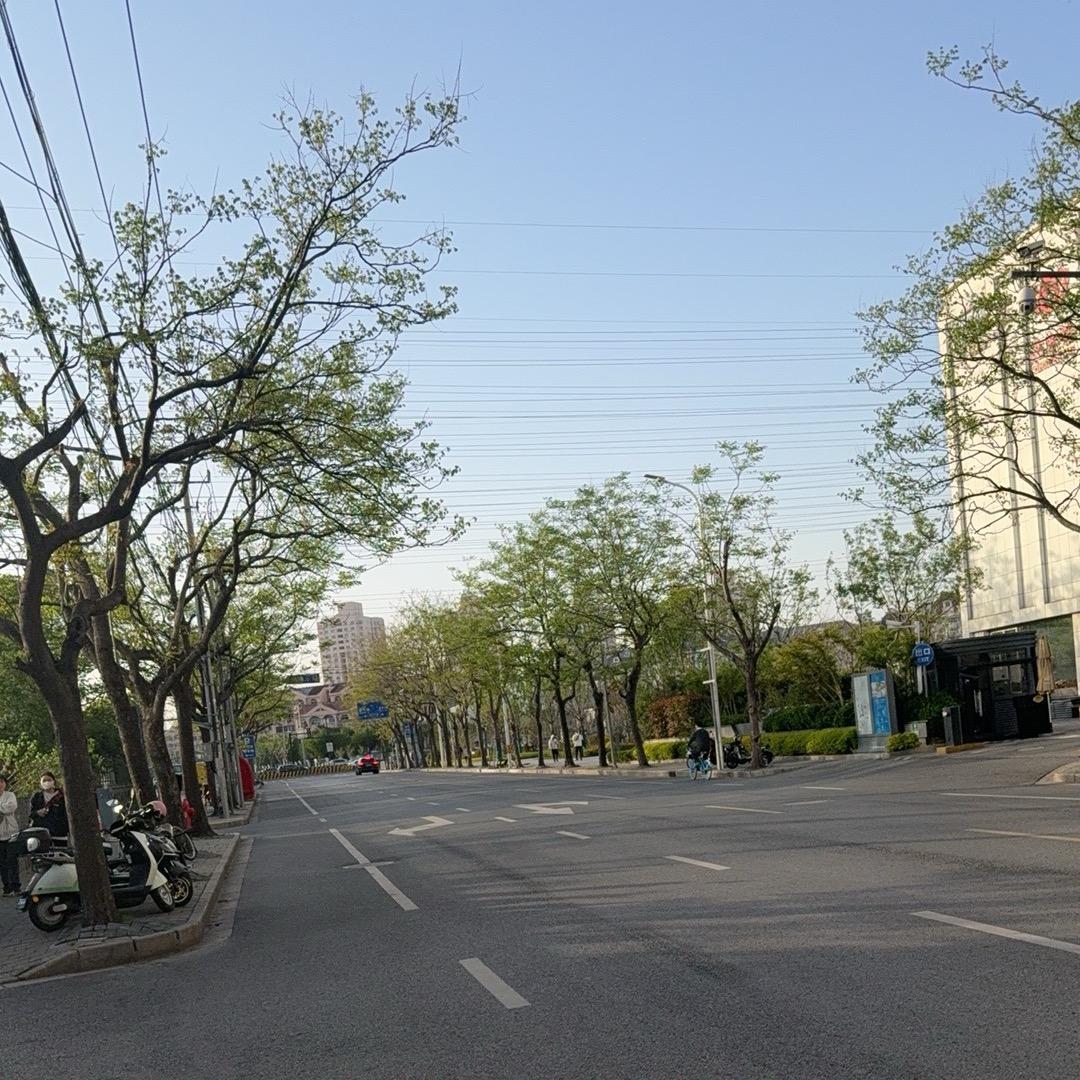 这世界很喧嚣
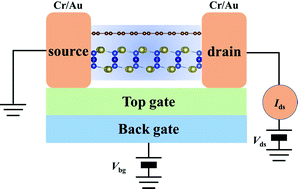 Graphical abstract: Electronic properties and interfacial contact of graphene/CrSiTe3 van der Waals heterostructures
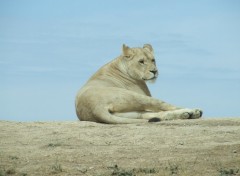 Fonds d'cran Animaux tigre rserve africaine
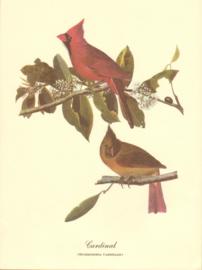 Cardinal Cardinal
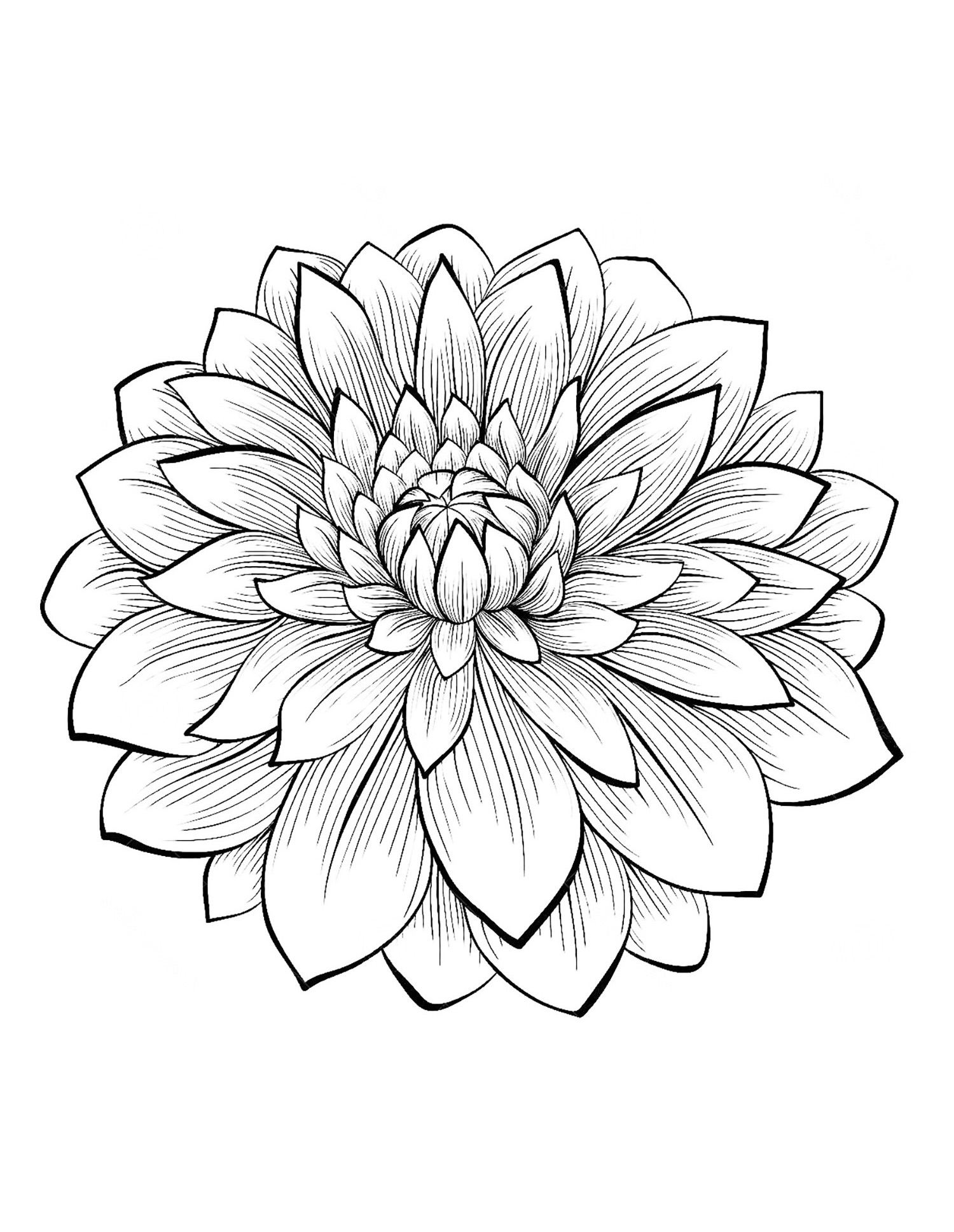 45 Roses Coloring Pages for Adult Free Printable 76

···

### What is expected:
Transcribe exactly the span of lines from the line holding "Graphical abstract: Electronic" through the last line above, both included. Pictures stay out.

### Solution to the problem:
 Graphical abstract: Electronic properties and interfacial contact of graphene/CrSiTe3 van der Waals heterostructures
 Fonds d'cran Animaux tigre rserve africaine
 Cardinal Cardinal
 45 Roses Coloring Pages for Adult Free Printable 76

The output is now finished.